Georgetown University's Black Law Students Association is demanding the firing of Ilya Shapiro, a director of constitutional studies at the Cato Institute, from his brand new position at the university. Shapiro was slated to start work as executive director of the Georgetown Center for the Constitution next week, but a poorly worded tweet about President Joe Biden's pledge to appoint a black woman to the Supreme Court has landed him in hot water.
Shapiro agrees that the tweet was not great.
"I regret my poor choice of words, which undermine my message that no one should be discriminated against for his or her gender or skin color," Shapiro tells Reason.
On Wednesday, Shapiro tweeted the following:
Objectively best pick for Biden is Sri Srinivasan, who is solid prog & v smart. Even has identify politics benefit of being first Asian (Indian) American. But alas doesn't fit into the latest intersectionality hierarchy so we'll get lesser black woman. Thank heaven for small favors?
Because Biden said he's only consider[ing] black women for SCOTUS, his nominee will always have an asterisk attached. Fitting that the Court takes up affirmative action next term.

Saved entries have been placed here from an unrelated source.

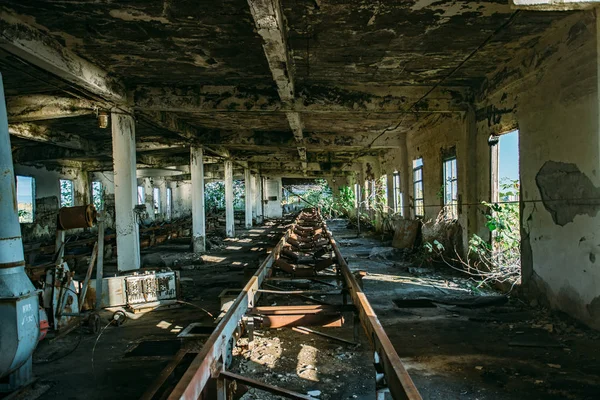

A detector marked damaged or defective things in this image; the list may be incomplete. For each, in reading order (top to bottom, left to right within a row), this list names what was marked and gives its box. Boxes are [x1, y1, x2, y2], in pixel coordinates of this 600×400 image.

broken window frame [16, 176, 35, 225]
peeling plaster wall [13, 163, 88, 244]
broken window frame [440, 155, 460, 219]
peeling plaster wall [474, 11, 600, 328]
rusted steel frame [168, 220, 294, 398]
rusted steel frame [220, 370, 314, 398]
rusty machine [142, 209, 422, 400]
rusty metal rail [149, 211, 422, 398]
rusted steel frame [324, 222, 422, 400]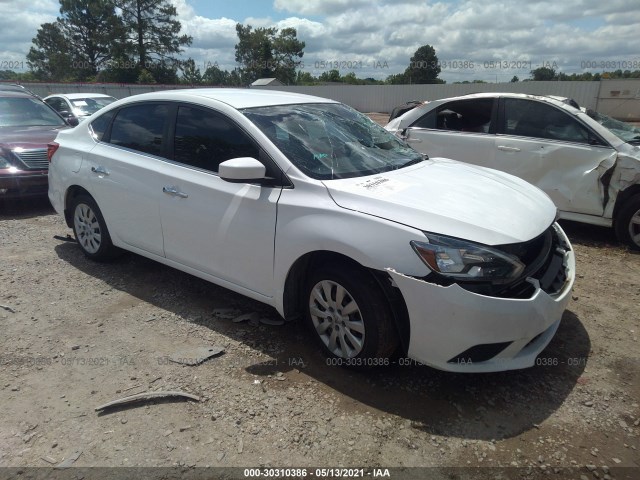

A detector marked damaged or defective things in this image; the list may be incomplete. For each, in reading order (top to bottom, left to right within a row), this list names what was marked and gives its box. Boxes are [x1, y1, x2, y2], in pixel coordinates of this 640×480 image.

damaged windshield [242, 102, 422, 179]
damaged windshield [588, 109, 640, 144]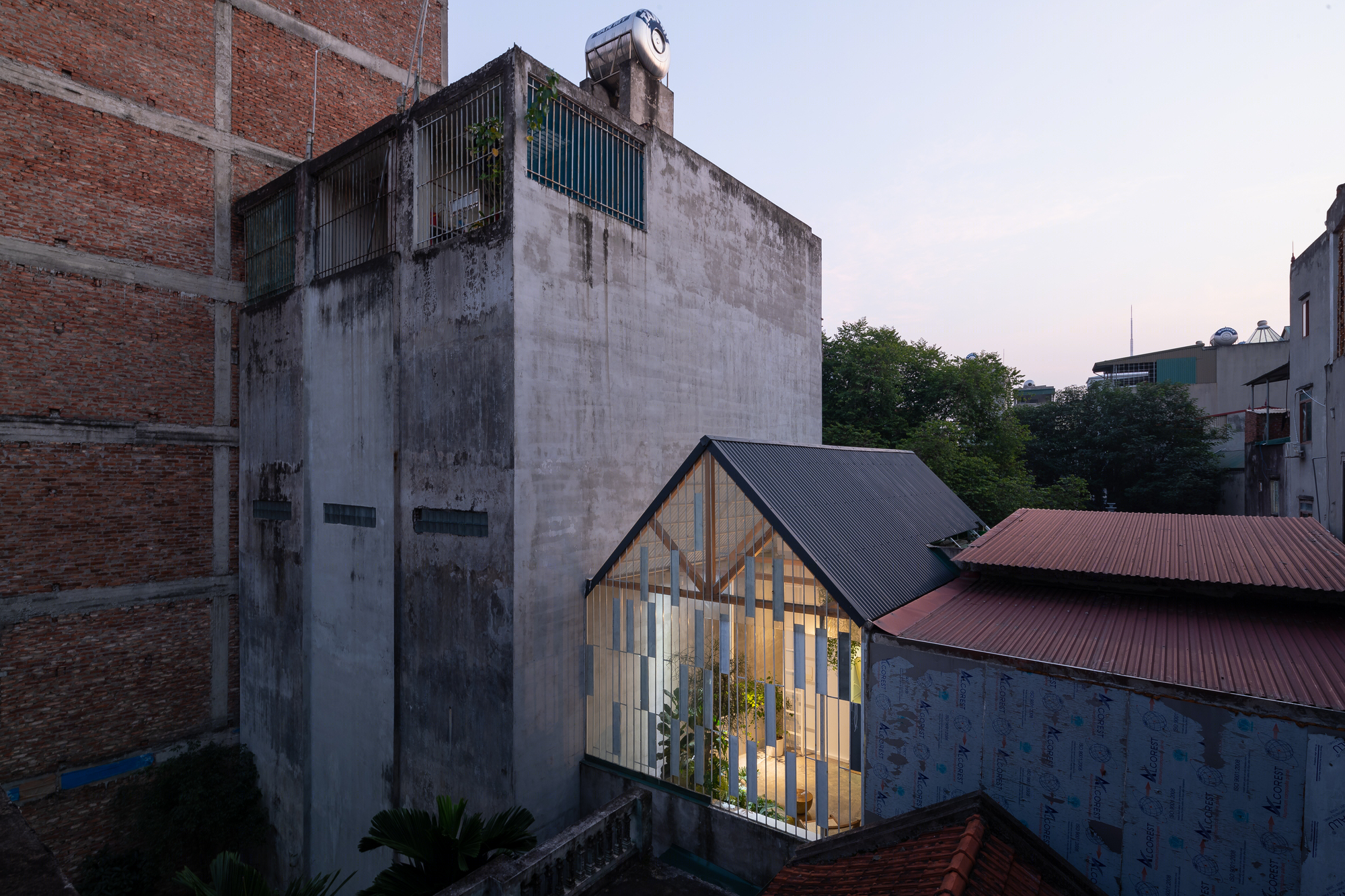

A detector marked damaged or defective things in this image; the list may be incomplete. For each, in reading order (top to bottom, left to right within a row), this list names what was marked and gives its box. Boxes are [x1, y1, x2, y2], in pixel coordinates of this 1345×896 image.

rusty red metal roof [958, 505, 1345, 589]
rusty red metal roof [872, 573, 1345, 710]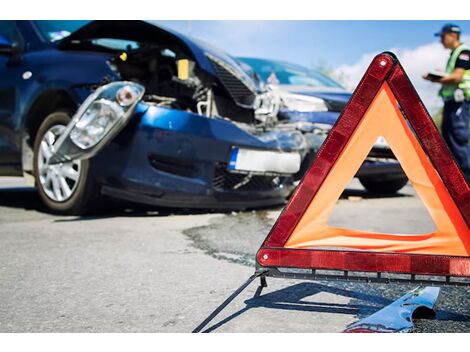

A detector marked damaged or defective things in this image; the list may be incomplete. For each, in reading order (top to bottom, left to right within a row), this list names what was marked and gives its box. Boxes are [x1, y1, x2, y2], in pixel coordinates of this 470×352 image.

damaged blue car [0, 22, 304, 214]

I sincerely and deeply apologize for some poorly drafted tweets I posted late Wednesday night. Issues of race are of course quite sensitive, and debates over affirmative action are always fraught. My intent was to convey my opinion that excluding potential Supreme Court candidates, most notably Chief Judge Srinivasan, simply because of their race or gender, was wrong and harmful to the long term reputation of the Court. It was not to cast aspersions on the qualifications of a whole group of people, let alone question their worth as human beings. A person's dignity and worth simply do not, and should not, depend on any immutable characteristic. Those who know me know that I am sincere about these sentiments, and I would be more than happy to meet with any of you who have doubts about the quality of my heart.

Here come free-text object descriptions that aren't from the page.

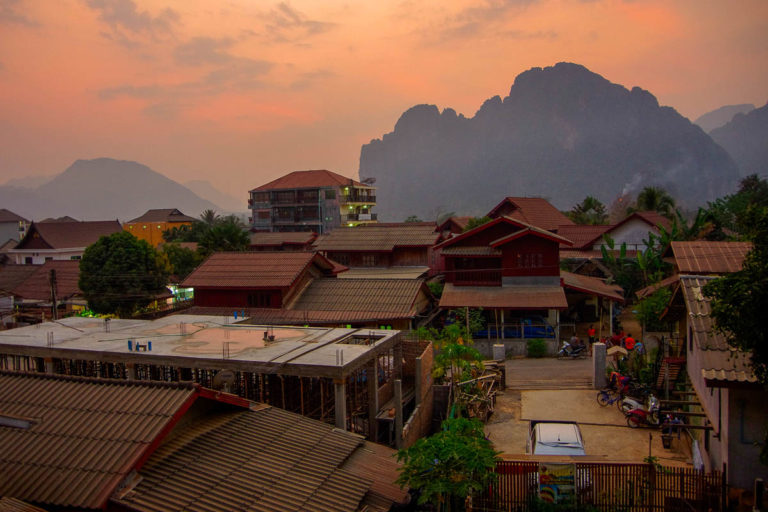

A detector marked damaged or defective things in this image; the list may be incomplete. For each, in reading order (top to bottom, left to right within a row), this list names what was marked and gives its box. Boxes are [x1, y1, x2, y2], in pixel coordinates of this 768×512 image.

rusty metal roof [248, 170, 364, 192]
rusty metal roof [314, 223, 440, 253]
rusty metal roof [182, 251, 332, 290]
rusty metal roof [436, 282, 568, 310]
rusty metal roof [564, 270, 624, 302]
rusty metal roof [672, 241, 752, 274]
rusty metal roof [680, 278, 756, 382]
rusty metal roof [0, 370, 198, 510]
rusty metal roof [112, 406, 408, 510]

In seeking to join the Georgetown community, I wanted to contribute to your worthy mission to educate students, inform the public, and engage in the battle of legal ideas that lead to justice and fairness. I still want to do that. Recklessly framed tweets like this week's obviously don't advance that mission, for which I am also truly sorry. Regardless of whether anyone agrees or disagrees with me on a host of legal and policy issues, I can and will do better with regard to how I communicate my positions.
Shapiro's wording was certainly misguided, as he freely admits. But it's not right to say he had asserted that black women as a category would make poor Supreme Court justices. Rather, he indicated that he thought the absolute best choice—from a progressive standpoint—was a specific judge, Sri Srinivasan (an Indian American and member of the Hindu faith, which would also be a first for the Court). In his tweet, Shapiro was lamenting that Biden's commitment to choosing a justice who fits a specific demographics profile would preclude him from making this selection.

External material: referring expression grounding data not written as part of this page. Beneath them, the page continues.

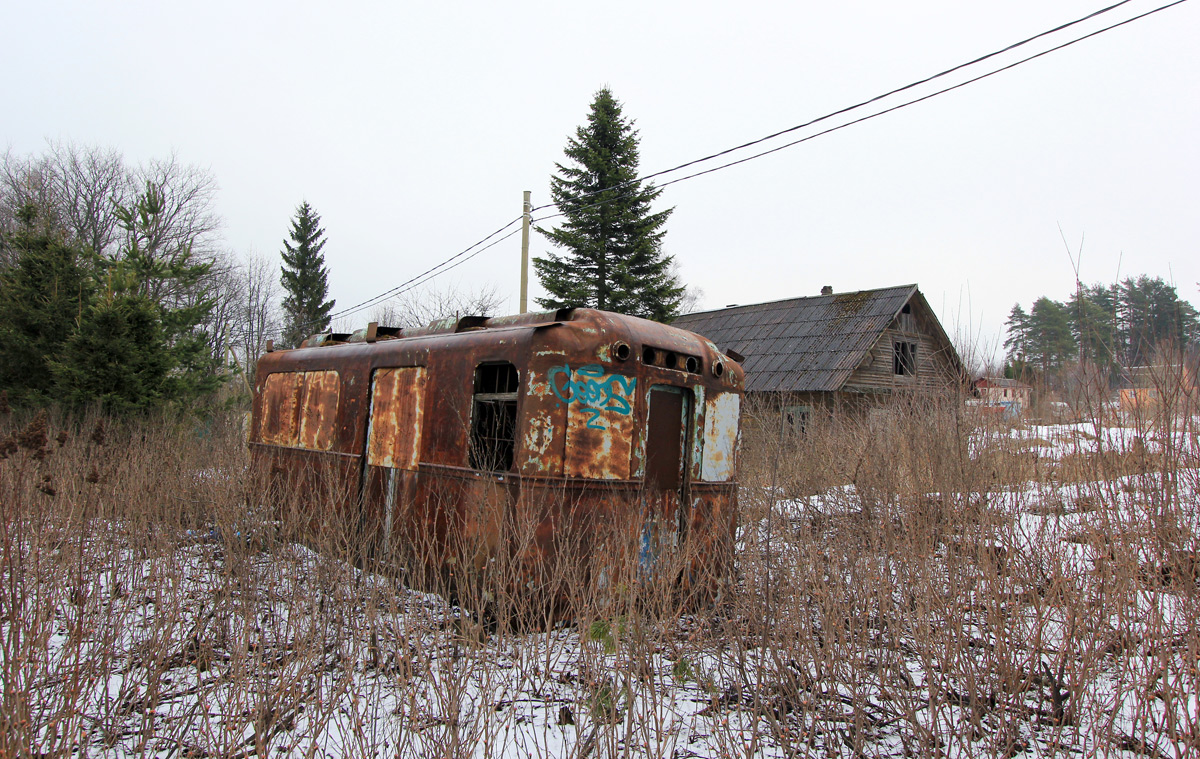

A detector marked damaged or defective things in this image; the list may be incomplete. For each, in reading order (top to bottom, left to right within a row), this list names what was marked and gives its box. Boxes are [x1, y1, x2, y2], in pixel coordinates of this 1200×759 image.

rusted metal panel [298, 370, 340, 448]
rusted metal panel [366, 366, 426, 470]
broken window [468, 366, 516, 472]
abandoned rusty railcar [250, 308, 744, 588]
rusted metal panel [556, 364, 636, 480]
rusted metal panel [704, 392, 740, 480]
broken window [892, 342, 920, 378]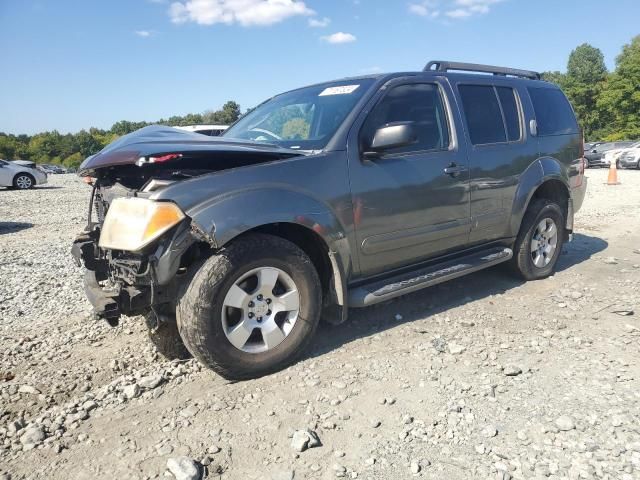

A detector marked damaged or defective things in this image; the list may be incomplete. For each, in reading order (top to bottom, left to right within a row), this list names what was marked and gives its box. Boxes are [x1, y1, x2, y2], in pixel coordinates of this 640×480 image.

crushed hood [78, 124, 302, 175]
detached fender [188, 188, 352, 308]
wrecked vehicle [72, 60, 588, 378]
damaged nissan pathfinder [72, 62, 588, 380]
detached fender [510, 158, 568, 237]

This is an understandable opinion. While ensuring that the Supreme Court better reflects the diversity of the country is a worthwhile goal, there are many ways to accomplish this. (Currently, eight of the nine justices attended law school at either Harvard or Yale—Biden could look outside the Ivy League, for one.) It is fine to criticize the idea that Biden's primary and overriding criteria would be along racial and gender lines.
The phrasing "lesser black woman" was particularly ugly by itself, of course, but is being misconstrued by those calling for Shapiro to be fired. Members of the Georgetown community are not wrong to demand more precise wording from someone of Shapiro's stature, but given that he has apologized, the university should accept this and move on. If Georgetown's administration were to fire Shapiro, it would be tacitly endorsing the unfair smear that he is a racist and a sexist.